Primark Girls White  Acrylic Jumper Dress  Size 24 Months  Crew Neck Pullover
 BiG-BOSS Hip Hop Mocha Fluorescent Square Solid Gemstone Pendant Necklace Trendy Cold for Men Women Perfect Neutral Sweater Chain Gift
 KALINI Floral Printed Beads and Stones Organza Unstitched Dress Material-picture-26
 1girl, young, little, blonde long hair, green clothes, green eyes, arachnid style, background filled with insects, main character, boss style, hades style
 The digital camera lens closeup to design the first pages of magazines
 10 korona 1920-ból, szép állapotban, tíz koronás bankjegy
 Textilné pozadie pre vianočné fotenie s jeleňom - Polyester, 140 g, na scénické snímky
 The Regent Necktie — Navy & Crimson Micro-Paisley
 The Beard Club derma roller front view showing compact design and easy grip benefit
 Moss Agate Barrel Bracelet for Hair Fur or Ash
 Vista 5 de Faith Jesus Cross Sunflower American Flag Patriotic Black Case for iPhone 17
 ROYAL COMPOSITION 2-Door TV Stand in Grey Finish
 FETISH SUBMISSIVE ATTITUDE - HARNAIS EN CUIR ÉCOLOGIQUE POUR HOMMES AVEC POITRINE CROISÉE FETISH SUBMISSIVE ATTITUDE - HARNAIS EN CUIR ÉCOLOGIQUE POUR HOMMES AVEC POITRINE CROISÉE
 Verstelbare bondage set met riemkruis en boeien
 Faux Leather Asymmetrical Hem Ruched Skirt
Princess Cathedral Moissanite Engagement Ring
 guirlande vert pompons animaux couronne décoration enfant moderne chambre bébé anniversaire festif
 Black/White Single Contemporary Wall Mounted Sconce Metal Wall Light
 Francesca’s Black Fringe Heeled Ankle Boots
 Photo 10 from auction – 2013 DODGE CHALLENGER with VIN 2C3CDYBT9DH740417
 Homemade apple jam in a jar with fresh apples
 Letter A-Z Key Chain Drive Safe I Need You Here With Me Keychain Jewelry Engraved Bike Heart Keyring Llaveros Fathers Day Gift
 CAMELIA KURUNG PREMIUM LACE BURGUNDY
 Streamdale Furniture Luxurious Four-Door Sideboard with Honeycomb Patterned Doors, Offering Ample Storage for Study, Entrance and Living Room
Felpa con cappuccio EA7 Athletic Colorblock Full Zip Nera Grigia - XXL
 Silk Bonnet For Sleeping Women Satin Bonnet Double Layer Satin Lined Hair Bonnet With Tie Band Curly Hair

◆ ◆ ◆

*TASK ITEM*: Nothing should be missing: every line above must be reproduced exactly.

*PROBLEM SOLUTION*:
Primark Girls White  Acrylic Jumper Dress  Size 24 Months  Crew Neck Pullover
 BiG-BOSS Hip Hop Mocha Fluorescent Square Solid Gemstone Pendant Necklace Trendy Cold for Men Women Perfect Neutral Sweater Chain Gift
 KALINI Floral Printed Beads and Stones Organza Unstitched Dress Material-picture-26
 1girl, young, little, blonde long hair, green clothes, green eyes, arachnid style, background filled with insects, main character, boss style, hades style
 The digital camera lens closeup to design the first pages of magazines
 10 korona 1920-ból, szép állapotban, tíz koronás bankjegy
 Textilné pozadie pre vianočné fotenie s jeleňom - Polyester, 140 g, na scénické snímky
 The Regent Necktie — Navy & Crimson Micro-Paisley
 The Beard Club derma roller front view showing compact design and easy grip benefit
 Moss Agate Barrel Bracelet for Hair Fur or Ash
 Vista 5 de Faith Jesus Cross Sunflower American Flag Patriotic Black Case for iPhone 17
 ROYAL COMPOSITION 2-Door TV Stand in Grey Finish
 FETISH SUBMISSIVE ATTITUDE - HARNAIS EN CUIR ÉCOLOGIQUE POUR HOMMES AVEC POITRINE CROISÉE FETISH SUBMISSIVE ATTITUDE - HARNAIS EN CUIR ÉCOLOGIQUE POUR HOMMES AVEC POITRINE CROISÉE
 Verstelbare bondage set met riemkruis en boeien
 Faux Leather Asymmetrical Hem Ruched Skirt
Princess Cathedral Moissanite Engagement Ring
 guirlande vert pompons animaux couronne décoration enfant moderne chambre bébé anniversaire festif
 Black/White Single Contemporary Wall Mounted Sconce Metal Wall Light
 Francesca’s Black Fringe Heeled Ankle Boots
 Photo 10 from auction – 2013 DODGE CHALLENGER with VIN 2C3CDYBT9DH740417
 Homemade apple jam in a jar with fresh apples
 Letter A-Z Key Chain Drive Safe I Need You Here With Me Keychain Jewelry Engraved Bike Heart Keyring Llaveros Fathers Day Gift
 CAMELIA KURUNG PREMIUM LACE BURGUNDY
 Streamdale Furniture Luxurious Four-Door Sideboard with Honeycomb Patterned Doors, Offering Ample Storage for Study, Entrance and Living Room
Felpa con cappuccio EA7 Athletic Colorblock Full Zip Nera Grigia - XXL
 Silk Bonnet For Sleeping Women Satin Bonnet Double Layer Satin Lined Hair Bonnet With Tie Band Curly Hair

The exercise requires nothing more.